The paintings become signs themselves.

Ivan hasn’t always used angles to accentuate and add excitement to images; past works have often reveled in a purposeful flatness in the handling of depth and space. The paintings in this broad narrative for which any painting can be an entry-point, feature dramatically receding walls or structures of enormous and wide proportions immediately becoming closer to human perception.

He definitely continues to explore camera-vision possibilities in his appropriation of subject for reference, but his vision has always been a selective on: the interiors, the march, the buildings appear revitalized, cleaned up and in sparkling repair.

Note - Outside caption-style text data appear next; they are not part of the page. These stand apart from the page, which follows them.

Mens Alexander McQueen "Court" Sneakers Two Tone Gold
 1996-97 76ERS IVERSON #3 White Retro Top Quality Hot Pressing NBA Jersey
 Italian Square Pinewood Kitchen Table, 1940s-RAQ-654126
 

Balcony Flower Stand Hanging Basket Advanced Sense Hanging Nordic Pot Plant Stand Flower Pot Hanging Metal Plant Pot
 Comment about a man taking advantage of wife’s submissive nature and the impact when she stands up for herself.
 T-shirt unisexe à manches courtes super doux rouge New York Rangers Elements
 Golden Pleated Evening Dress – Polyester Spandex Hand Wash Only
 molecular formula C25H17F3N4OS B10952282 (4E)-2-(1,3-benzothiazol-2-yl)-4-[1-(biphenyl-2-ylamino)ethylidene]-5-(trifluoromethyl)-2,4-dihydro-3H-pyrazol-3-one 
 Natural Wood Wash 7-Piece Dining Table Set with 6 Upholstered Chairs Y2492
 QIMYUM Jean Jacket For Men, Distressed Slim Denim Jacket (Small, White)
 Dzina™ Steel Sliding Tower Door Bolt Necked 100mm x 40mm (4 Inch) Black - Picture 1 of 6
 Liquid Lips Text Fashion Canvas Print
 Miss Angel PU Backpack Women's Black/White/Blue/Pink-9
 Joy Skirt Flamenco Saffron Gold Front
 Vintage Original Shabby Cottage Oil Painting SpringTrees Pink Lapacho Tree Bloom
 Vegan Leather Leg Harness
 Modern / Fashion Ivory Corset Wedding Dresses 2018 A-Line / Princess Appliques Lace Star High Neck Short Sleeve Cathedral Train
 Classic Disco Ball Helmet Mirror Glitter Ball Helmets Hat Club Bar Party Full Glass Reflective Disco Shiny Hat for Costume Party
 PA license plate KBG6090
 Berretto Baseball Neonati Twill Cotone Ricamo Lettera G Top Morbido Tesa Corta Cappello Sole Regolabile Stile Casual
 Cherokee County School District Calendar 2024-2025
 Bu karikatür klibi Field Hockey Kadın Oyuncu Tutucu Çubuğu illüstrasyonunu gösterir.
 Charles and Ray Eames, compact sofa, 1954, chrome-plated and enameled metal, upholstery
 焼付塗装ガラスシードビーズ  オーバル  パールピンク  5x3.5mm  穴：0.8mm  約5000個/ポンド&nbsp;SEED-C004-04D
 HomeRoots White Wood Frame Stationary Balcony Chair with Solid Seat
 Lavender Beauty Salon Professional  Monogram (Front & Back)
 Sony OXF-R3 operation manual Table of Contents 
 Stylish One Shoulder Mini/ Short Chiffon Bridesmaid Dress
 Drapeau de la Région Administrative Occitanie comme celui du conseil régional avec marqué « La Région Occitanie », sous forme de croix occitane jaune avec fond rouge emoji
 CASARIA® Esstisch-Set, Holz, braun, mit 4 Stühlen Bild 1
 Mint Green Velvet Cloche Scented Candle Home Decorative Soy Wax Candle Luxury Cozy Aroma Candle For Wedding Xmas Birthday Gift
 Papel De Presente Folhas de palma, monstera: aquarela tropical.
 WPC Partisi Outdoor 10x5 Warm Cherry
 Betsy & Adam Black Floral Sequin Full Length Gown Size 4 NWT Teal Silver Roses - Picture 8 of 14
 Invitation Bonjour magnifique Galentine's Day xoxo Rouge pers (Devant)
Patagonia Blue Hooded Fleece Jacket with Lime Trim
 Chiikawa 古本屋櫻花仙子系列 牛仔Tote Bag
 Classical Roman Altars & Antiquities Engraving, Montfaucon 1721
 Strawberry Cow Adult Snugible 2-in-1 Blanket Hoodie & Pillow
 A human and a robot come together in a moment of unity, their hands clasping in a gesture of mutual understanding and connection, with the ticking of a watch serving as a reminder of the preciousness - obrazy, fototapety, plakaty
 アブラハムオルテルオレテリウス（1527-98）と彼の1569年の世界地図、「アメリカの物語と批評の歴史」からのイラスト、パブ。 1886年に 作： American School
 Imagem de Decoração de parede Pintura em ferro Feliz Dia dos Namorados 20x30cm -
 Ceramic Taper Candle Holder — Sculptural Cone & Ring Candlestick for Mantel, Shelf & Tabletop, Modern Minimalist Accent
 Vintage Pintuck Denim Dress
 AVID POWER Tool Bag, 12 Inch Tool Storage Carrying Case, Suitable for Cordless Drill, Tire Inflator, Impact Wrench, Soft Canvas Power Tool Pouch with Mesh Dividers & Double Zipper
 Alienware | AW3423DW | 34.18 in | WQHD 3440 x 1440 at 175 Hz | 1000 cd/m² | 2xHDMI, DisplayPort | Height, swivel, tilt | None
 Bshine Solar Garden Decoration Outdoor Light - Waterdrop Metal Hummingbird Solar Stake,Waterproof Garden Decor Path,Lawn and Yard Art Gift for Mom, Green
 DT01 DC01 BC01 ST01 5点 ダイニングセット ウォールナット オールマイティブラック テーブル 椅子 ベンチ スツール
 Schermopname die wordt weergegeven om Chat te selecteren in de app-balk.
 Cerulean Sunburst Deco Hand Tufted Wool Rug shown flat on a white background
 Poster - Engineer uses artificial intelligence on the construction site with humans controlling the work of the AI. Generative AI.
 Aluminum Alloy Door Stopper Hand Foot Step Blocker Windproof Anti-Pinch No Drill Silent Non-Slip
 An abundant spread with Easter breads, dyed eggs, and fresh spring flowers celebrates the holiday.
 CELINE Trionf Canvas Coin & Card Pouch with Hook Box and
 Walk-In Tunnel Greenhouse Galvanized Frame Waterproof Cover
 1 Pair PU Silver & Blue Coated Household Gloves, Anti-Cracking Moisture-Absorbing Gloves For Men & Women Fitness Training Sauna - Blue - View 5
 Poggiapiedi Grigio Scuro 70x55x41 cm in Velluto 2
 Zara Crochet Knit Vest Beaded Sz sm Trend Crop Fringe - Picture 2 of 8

If they aren’t in perfect condition, Ivan gives them the treatment and finish and often strengthens them by using them as formal devices around which the compositions are organized.

Ivan Lam: after all these years… is a wonderful culmination to a decade long search by the artist which few practitioners are willing to invest in these days.

The artist does not see himself as an archivist holding images for posterity as so many figurative painters rely on as a romantic hook for their viewer.

His relevance is rooted in contemporaneity, conveying a very particular feeling for contemporary Malaysia, capturing elements of bravado and dazzle, of the banality of the urbane as well as the drudgery and predictability of everyday life in the face of a larger world filled with conflict and difference.

These qualities are most strongly suggested when all the pictorial elements come together, often a summation of composition and color coordinated form, coalescing motifs or entire pictures of personal significance to Ivan that also strikes a universal chord.

Ivan Lam is a painter who will continue to innovate and push accepted boundaries within his practice as well as the larger Malaysian and regional art movements.

As art lovers, we will continue to watch, connect with and enjoy his work immensely, I know, for a long time to come.